How Black History Month endures
The annual observance evolved over time, but its fundamental impetus remained unchanged: the celebration and honoring of Black history and culture.

I am not a huge fan of comic books and superheroes, but I appreciate the storytelling. In comics, the origin story is just as important as the hero saving the day. The same is true for Black History Month, which originated as Negro History Week.
Negro History Week was created by Carter G. Woodson, the child of two formerly enslaved parents. According to Harvard historian Jarvis R. Givens, Woodson was taught by his two uncles, John and James Riddle, his mother Anne Riddle’s brothers, who had also been enslaved. Both had been educated in a Freedmen School toward the end of Reconstruction, and they became Woodson’s first teachers.
“As a student, [Woodson] witnessed the shared vulnerability of Black people through the story of his teachers and family,” writes Givens. “These first encounters taught Woodson more than just reading, writing, and arithmetic. He also inherited a political orientation to schooling informed by the lived history of the teachers standing before him… Here, Woodson encountered the project of Black education.”

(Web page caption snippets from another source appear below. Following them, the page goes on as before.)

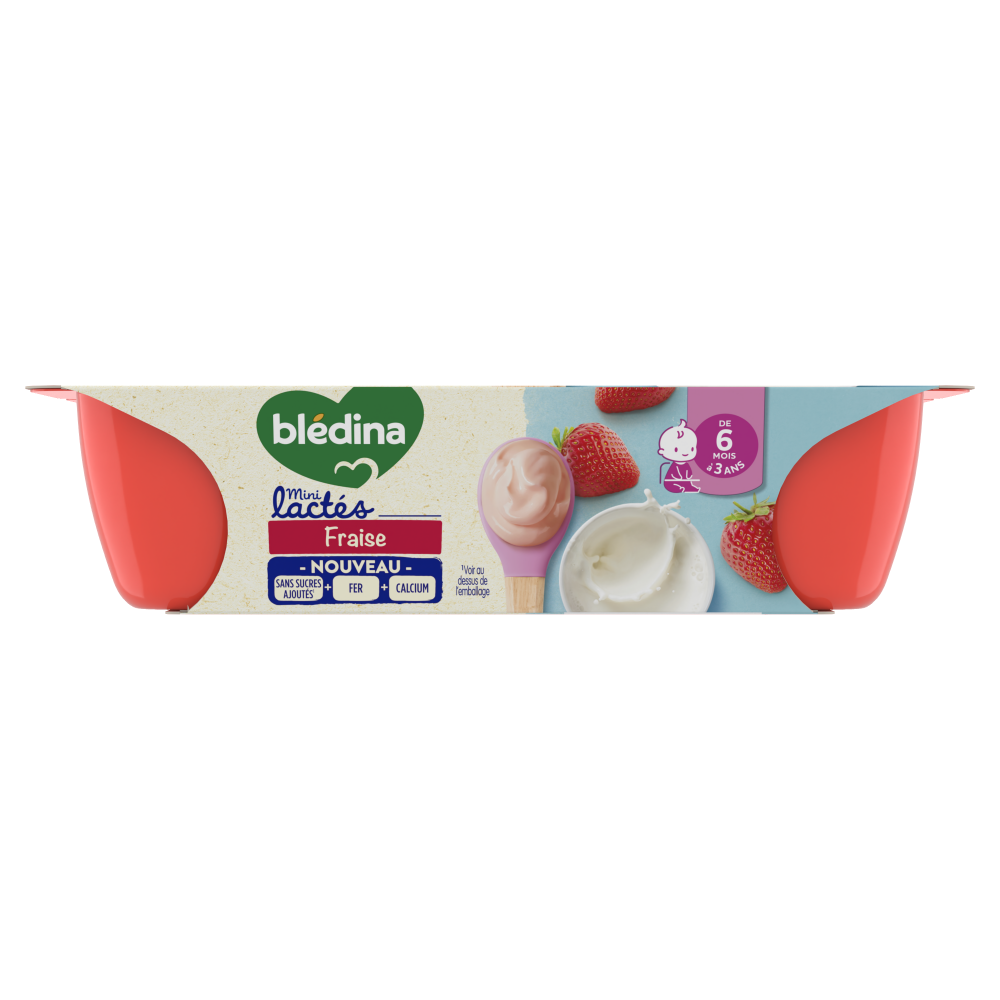 Mini Lactés Fraise - Lot x4 - Profil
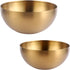 Stainless Steel Mixing Bowls Set of 2, Nesting Salad Bowls for Cooking, Baking, Prepping, Small & Large - 5.9 & 7.9 Inch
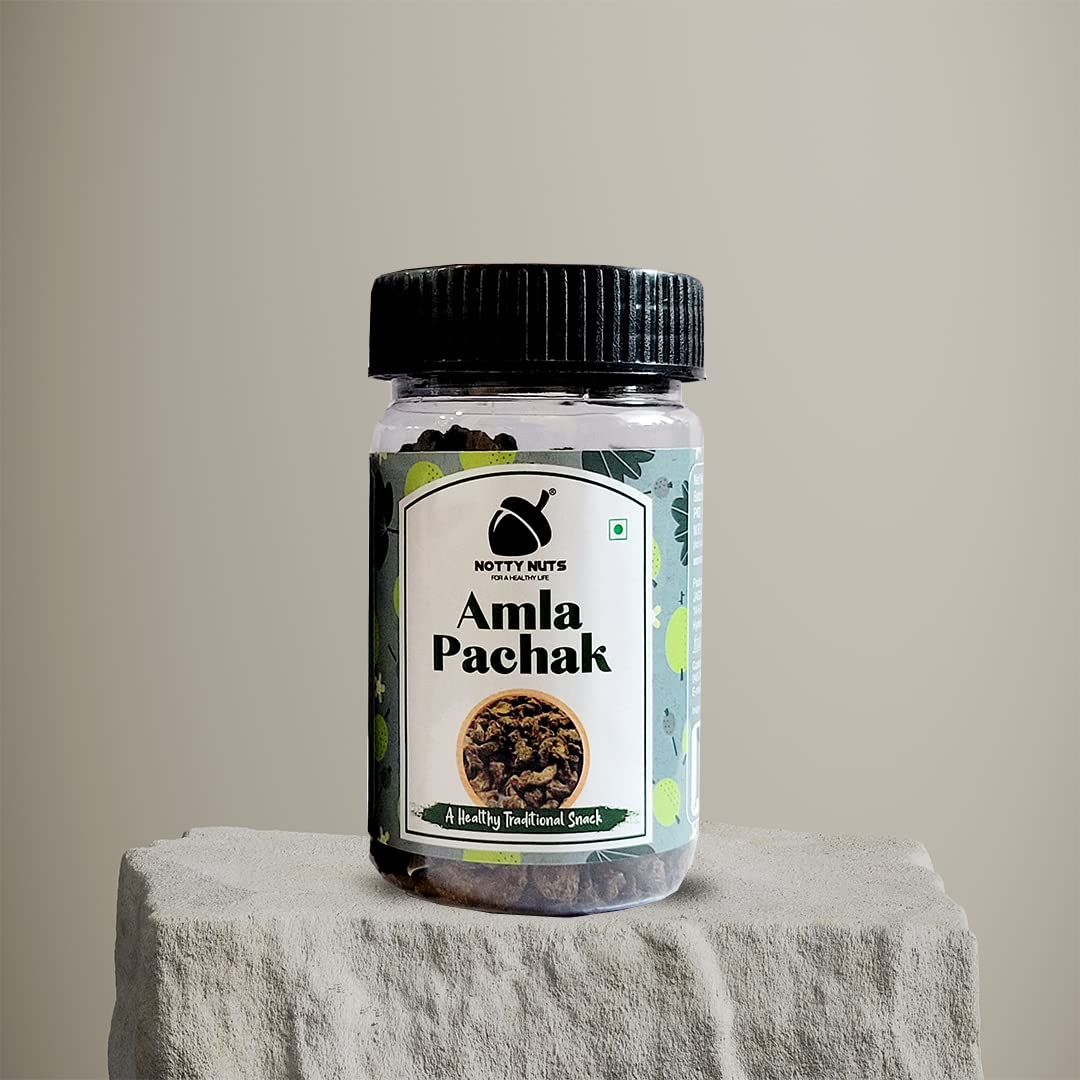 NOTTY NUTS Amla Pachak Pack of 4 (120 grams each) | Salted Amla | Awla Supari | Indian Gooseberry Sukha Amla | Namkeen Amla | Healthy Dried Mouth Freshener Jar (B0B97TYDJ9) Amazon Price History, Amazon Price Tracker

That project, which continues to this day, was the equipping of Black people with the practical knowledge to do a thing and the historical memory to understand why they do it. This was the basis with which Carter Woodson founded the Association for the Study of Negro Life and History (ASNLH) in 1915 and created Negro History Week in 1926, as a time for Black people to not only learn about Black history, but to take the time to reflect on it. In Woodson’s words:
“It is evident from the numerous calls for orators during Negro History Week that schools and their administrators do not take the study of the Negro seriously enough to use Negro History Week as a short period for demonstrating what the students have learned in their study of the Negro during the whole school year.”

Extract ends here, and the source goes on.